▶ [What this task involves] Exclude the pictures. Transcribe exactly, and only, the lines from the one holding "Pakistani Pink Naqshi" to the end of the material below.

▶ [Given information]
-- -- --

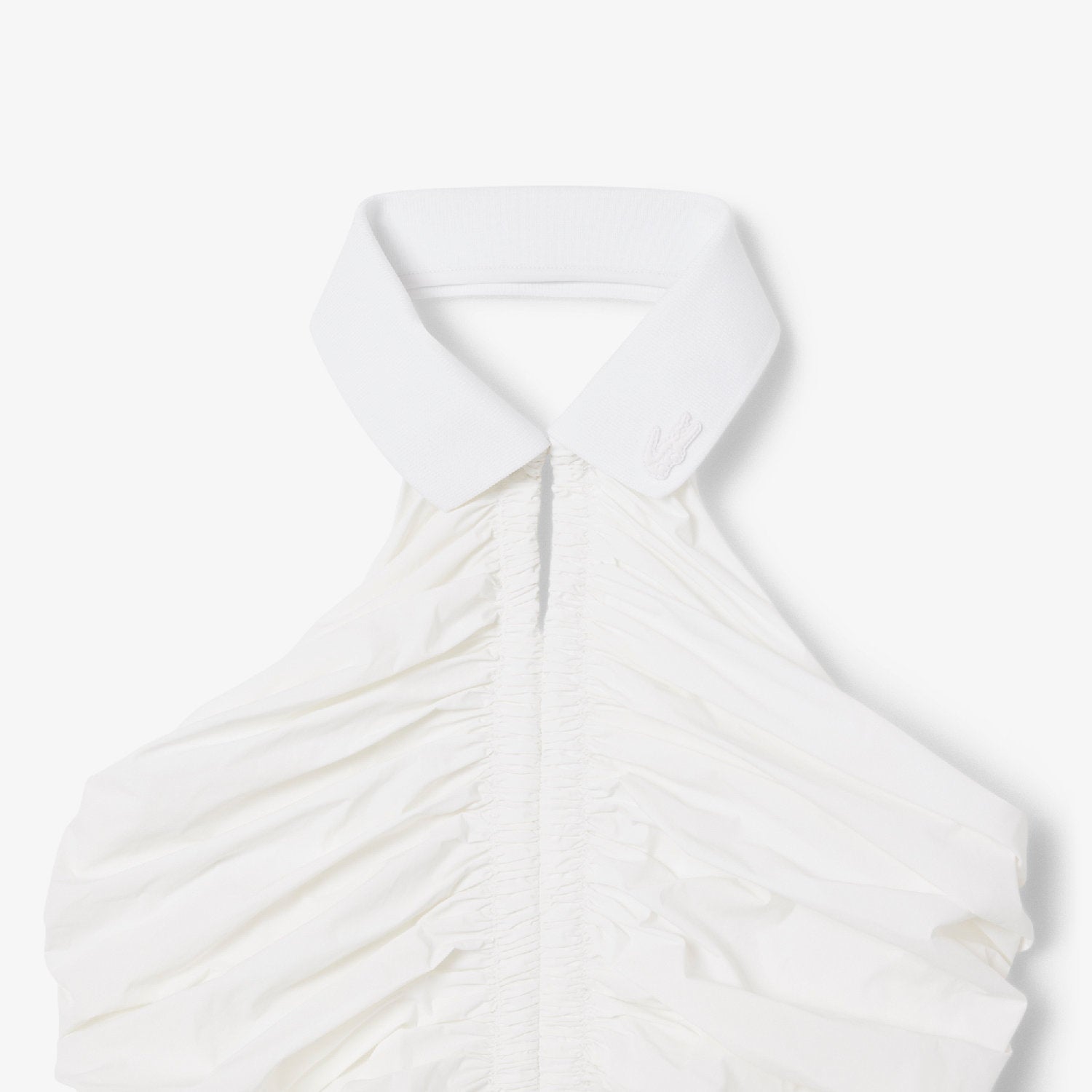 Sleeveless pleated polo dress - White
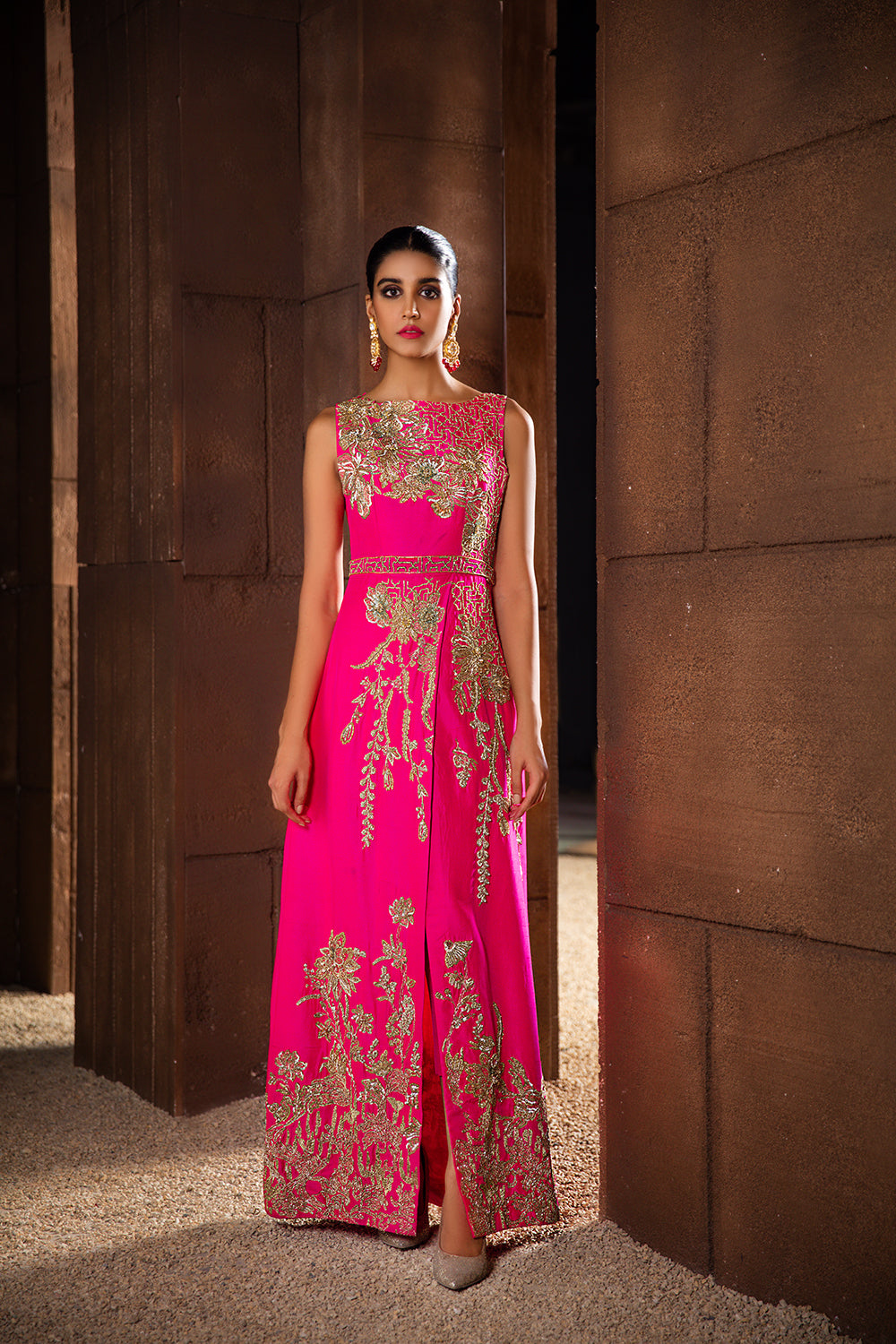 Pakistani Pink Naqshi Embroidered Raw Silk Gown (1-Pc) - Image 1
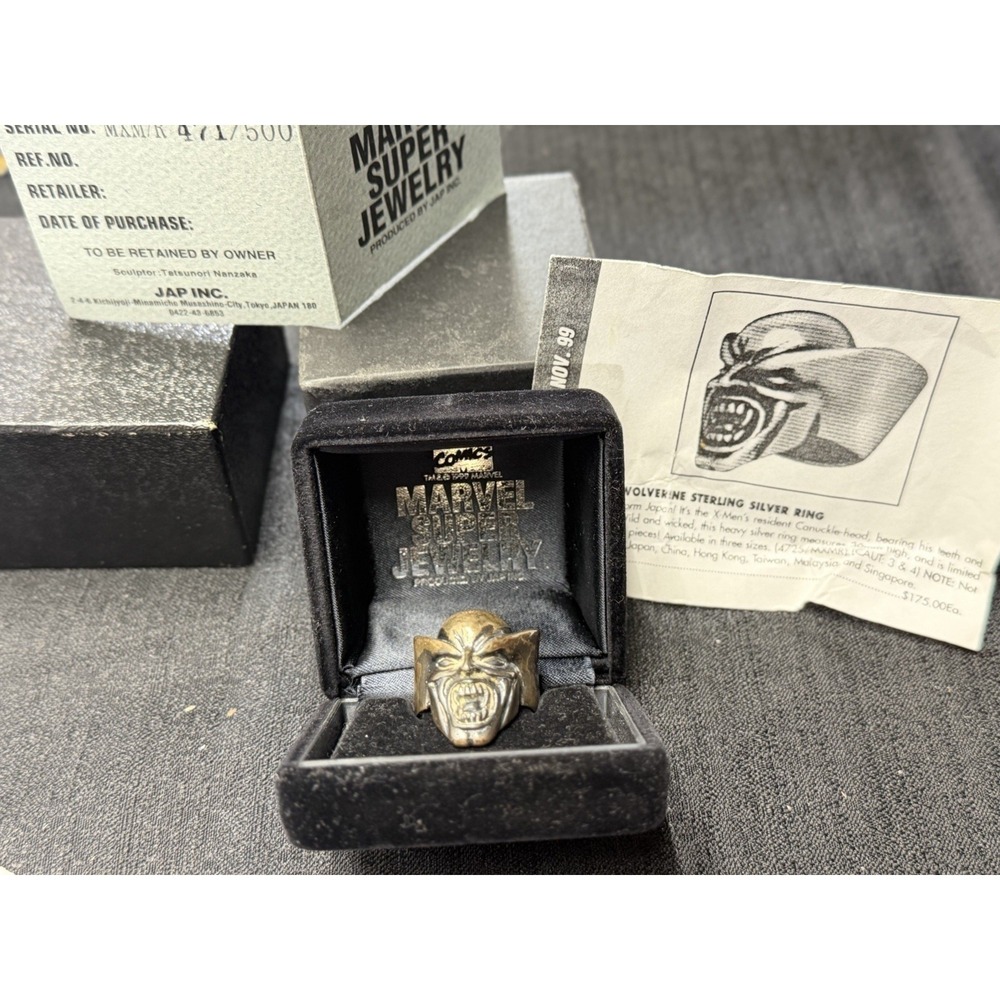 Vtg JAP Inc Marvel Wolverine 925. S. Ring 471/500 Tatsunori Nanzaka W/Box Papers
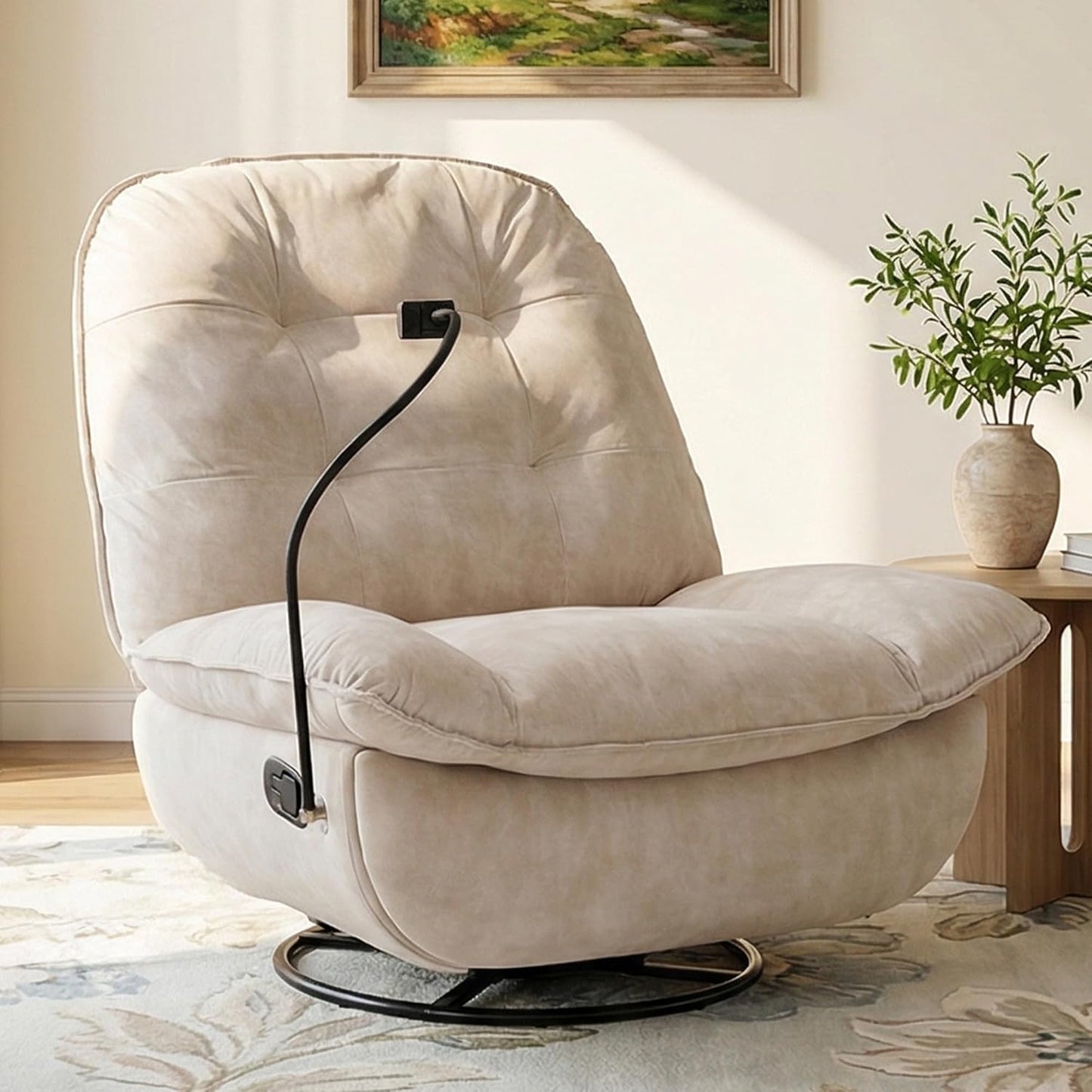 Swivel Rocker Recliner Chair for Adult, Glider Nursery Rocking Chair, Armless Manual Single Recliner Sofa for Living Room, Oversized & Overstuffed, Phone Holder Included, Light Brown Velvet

-- -- --

▶ [Answer space]
 Pakistani Pink Naqshi Embroidered Raw Silk Gown (1-Pc) - Image 1
 Vtg JAP Inc Marvel Wolverine 925. S. Ring 471/500 Tatsunori Nanzaka W/Box Papers
 Swivel Rocker Recliner Chair for Adult, Glider Nursery Rocking Chair, Armless Manual Single Recliner Sofa for Living Room, Oversized & Overstuffed, Phone Holder Included, Light Brown Velvet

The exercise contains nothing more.